### Your task
Your output should be the complete listing, word for word, with no pictures in it.

### Record excerpts
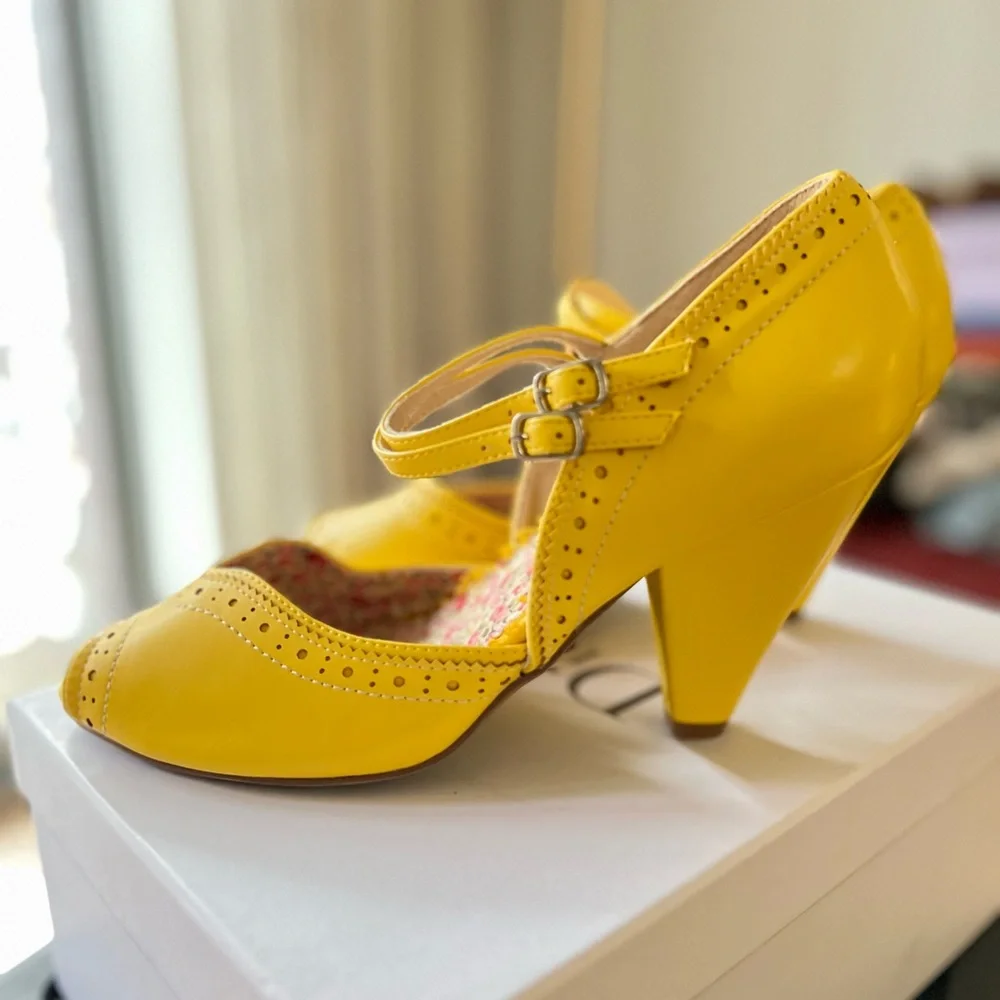 Bettie Page by Ellie Bright Yellow Mary Jane Heels - Picture 2 of 5
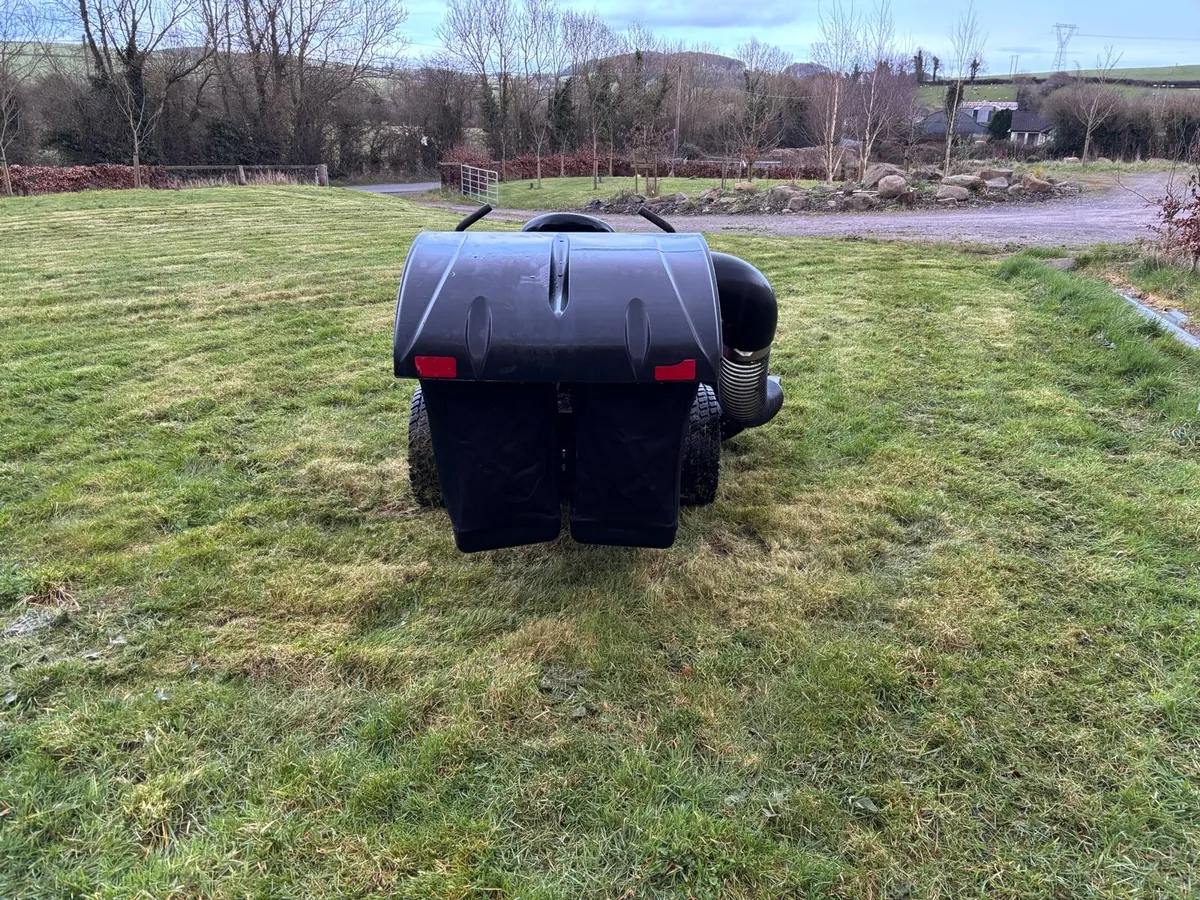 Ferris zero turn with grass collection - Image 2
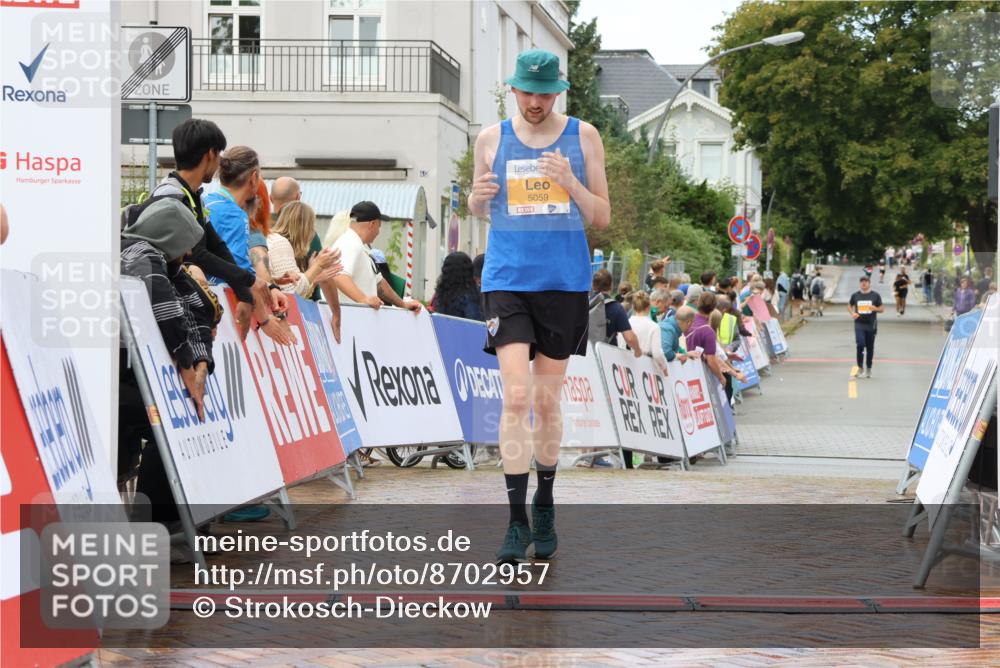 31.08.2025 - 21. Blankeneser Heldenlauf Strokosch-Dieckow http://msf.ph/oto/8702957 31.08.2025 13:15:43 Ziel 5059 meine-sportfotos.de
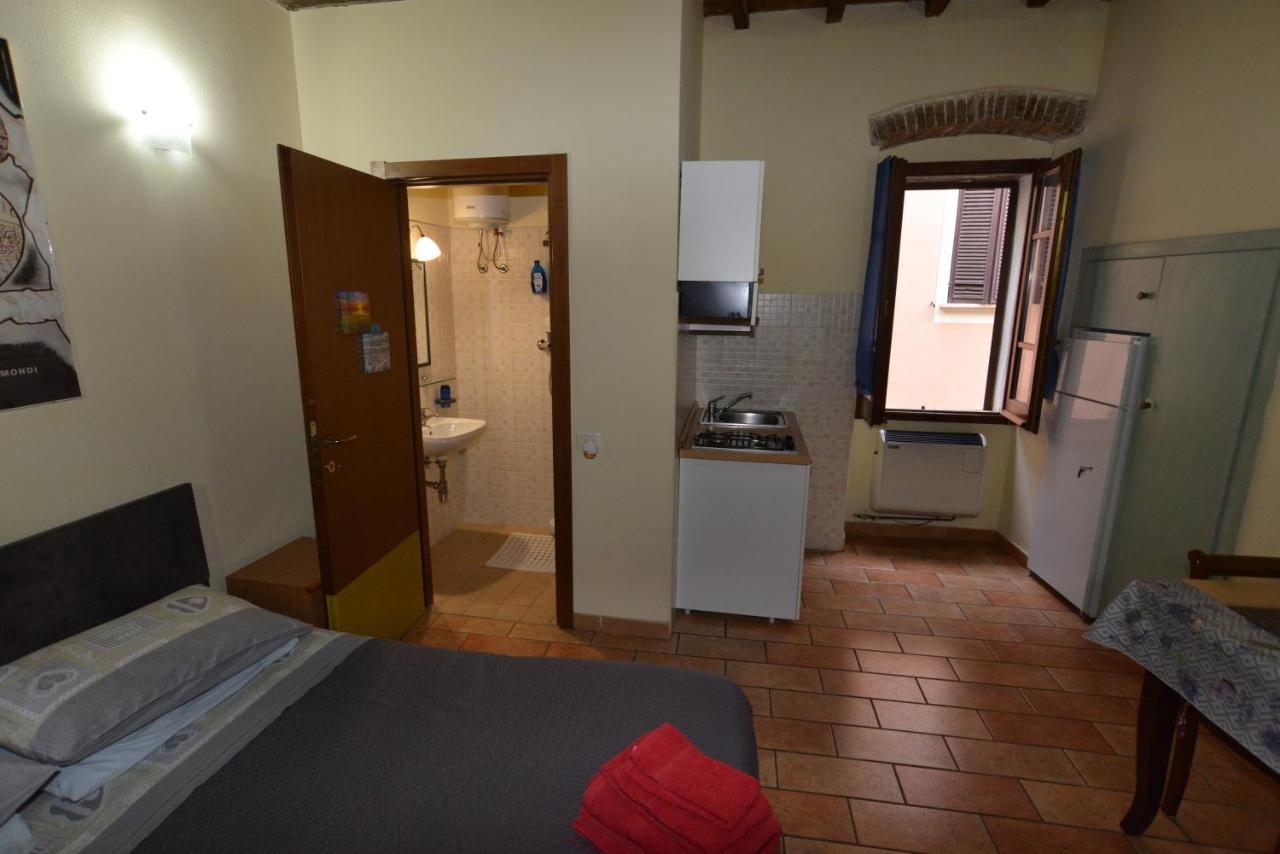 Via Della Posterna Appartement Spoleto Buitenkant foto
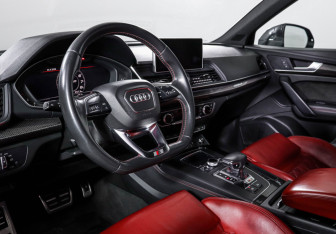 Подержанный автомобиль Audi SQ5 2019 года (14 фото)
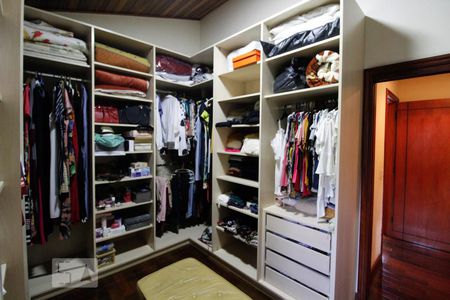 Casa à venda com 365m², 4 quartos e 5 vagas Casa à venda com 365m², 4 quartos e 5 vagasCloset da suíte 2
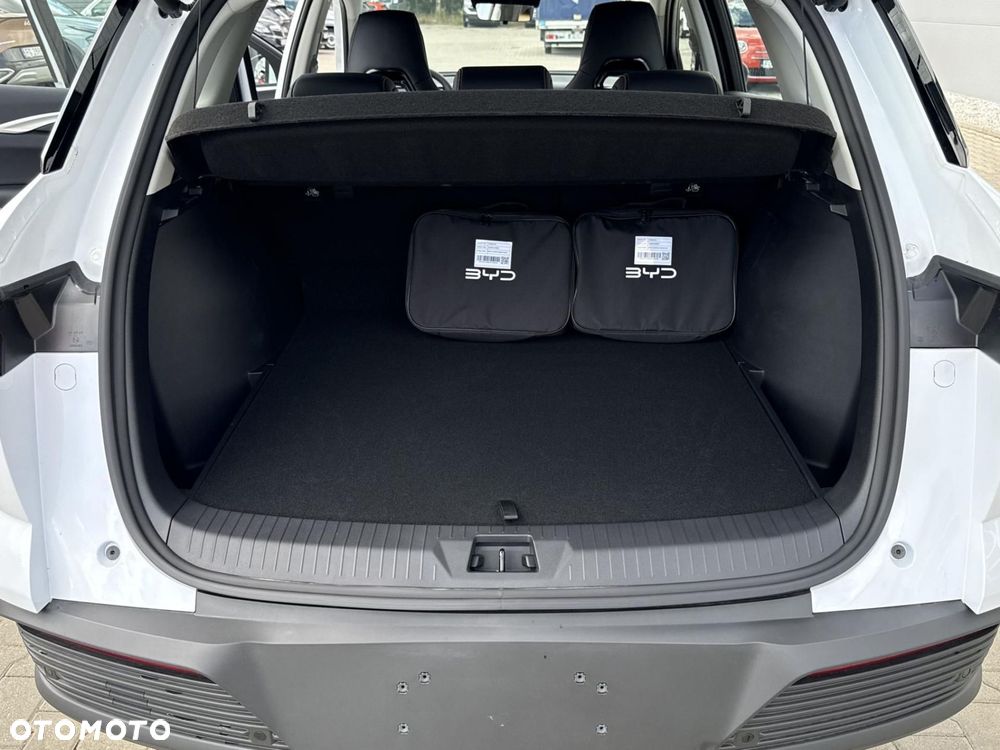 BYD Sealion 5 - 17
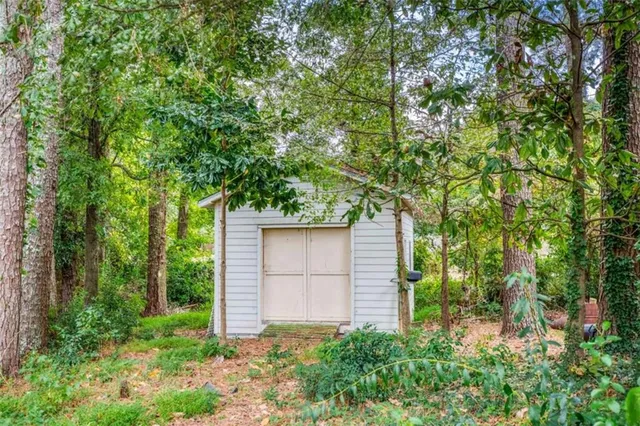 $389,900 | 2173 Timber Lane, Snellville, GA 30078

### Answer below
 Bettie Page by Ellie Bright Yellow Mary Jane Heels - Picture 2 of 5
 Ferris zero turn with grass collection - Image 2
 31.08.2025 - 21. Blankeneser Heldenlauf Strokosch-Dieckow http://msf.ph/oto/8702957 31.08.2025 13:15:43 Ziel 5059 meine-sportfotos.de
 Via Della Posterna Appartement Spoleto Buitenkant foto
 Подержанный автомобиль Audi SQ5 2019 года (14 фото)
 Casa à venda com 365m², 4 quartos e 5 vagas Casa à venda com 365m², 4 quartos e 5 vagasCloset da suíte 2
 BYD Sealion 5 - 17
 $389,900 | 2173 Timber Lane, Snellville, GA 30078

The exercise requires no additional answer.